Approximate Membership Functions

On this page

    Approximate Membership Functions (AMFs) are probabilistic data structures that efficiently can determine membership of a set, at the cost of false positives. They are typically much smaller than a full dataset, making them a useful pre-filtering method.

    AMFs have been investigated in the context of reducing the number of HTTP requests when querying over a Triple Pattern Fragments interface.

    1. Materials

    2. Main findings

    Learn more in our academic article.

    AMFs lead to faster complete results

    Due to the reduction of HTTP requests, complete results come in earlier. In some cases, the first result can be delayed.

    Query times for F3

    Caching significantly speeds up query execution

    An HTTP cache like NGINX achieves the best results, but additionally caching AMF filters server-side is not worth the effort.

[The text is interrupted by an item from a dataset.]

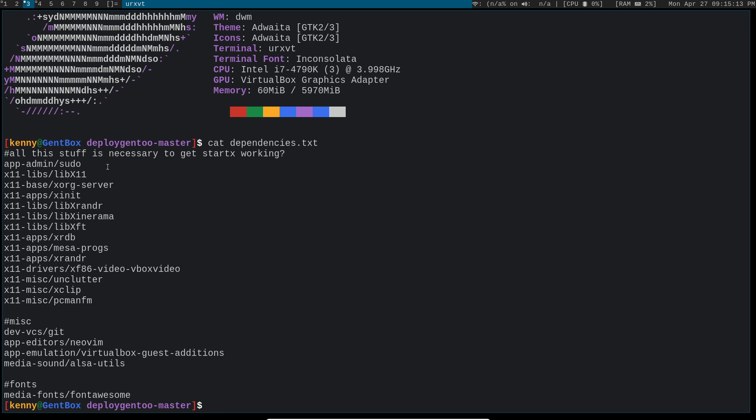And if you're just using a single display then obviously you don't need those. libxft is a font drawing library. So you need that for fonts to render properly.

    Query times for caching

    Extreme false-positive probabilities slow down query execution

    On average, a false-positive probability of 1/64 leads to the lowest overall query evaluation times for this experiment.

    Query times for different false-positive probabilities

    3. Recommendations for data publishers

    Based on the conclusions of our experimental results, we derived the following guidelines for publishers who aim to use the AMF feature:

    • Enable HTTP caching with a tool such as NGINX.
    • Pre-compute AMFs (or at least cache) AMFs of size 10.000 or higher.
    • If AMFs can be cached, prefer Bloom filters over GCS.
    • Use a false-positive probability of 1/64.